1o CE QUE FUT À l’ORIGINE LA JUSTICE ROYALE, QUE LE JUGEMENT PAR JURY Y PREVALUT D’ABORD.

À chaque transformation de la société française, l’organisation judiciaire s’est transformée dans le même sens. Lorsque la monarchie a pris le pas sur la féodalité, la justice royale a remplacé la justice féodale. D’ailleurs cette révolution dans l’ordre judiciaire, comme celle qui s’opérait à la même époque dans l’ordre politique, s’est faite lentement, à la longue, non par une brusque usurpation, mais par un progrès insensible et continu.

Plaçons-nous en plein moyen âge, c’est-à-dire au XIe siècle. La justice monarchique est encore à naître. On ne trouverait pas en ce temps-là un seul arrêt qui ait été rendu au nom de la société ou au nom du roi comme représentant de la société. Nous sommes encore fort loin du temps où l’on dira : « Tous les juges de ce royaume tiennent leur autorité du roi ; le roi seul a reçu de Dieu le pouvoir de juger. » Le droit divin, qui, au XIe siècle, était absolument inconnu en politique, n’apparaissait pas davantage dans l’ordre judiciaire. La justice en ce temps-là n’était pas même considérée comme une institution publique. On ne voyait en elle qu’une des manifestations de l’autorité seigneuriale. Attachée à chaque fief, elle faisait partie des devoirs et des droits, des charges et des profits de chaque seigneur. Le principe universellement admis était celui-ci : tout homme qui a terre a aussi, dans l’étendue de sa terre, la fonction de vider les procès et de punir les crimes.

Si le roi, à cette époque, exerçait la justice, c’était moins comme roi que comme seigneur.

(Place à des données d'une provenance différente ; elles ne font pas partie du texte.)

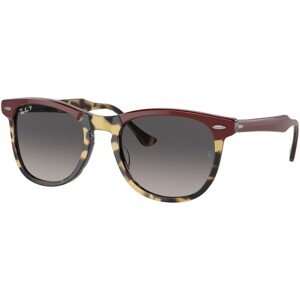 Ray-Ban Eagleeye RB2398 1377M3 - M (53)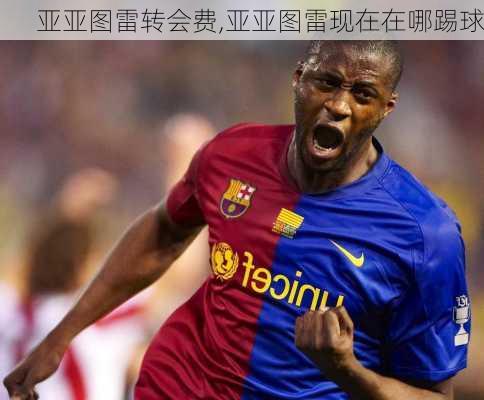 亚亚图雷转会费,亚亚图雷现在在哪踢球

À dire vrai, il n’y avait pas alors de roi dans le sens que nous attachons aujourd’hui à ce mot ; ce titre ne présentait pas à l’esprit l’idée d’un personnage ayant mission de veiller sur la société et d’y maintenir l’ordre, la paix, la sécurité, le droit. Cette idée commençait à peine à poindre chez quelques esprits dans la société ecclésiastique ; elle était absolument absente dans la société laïque. Le roi, au XIe siècle, n’était qu’un seigneur.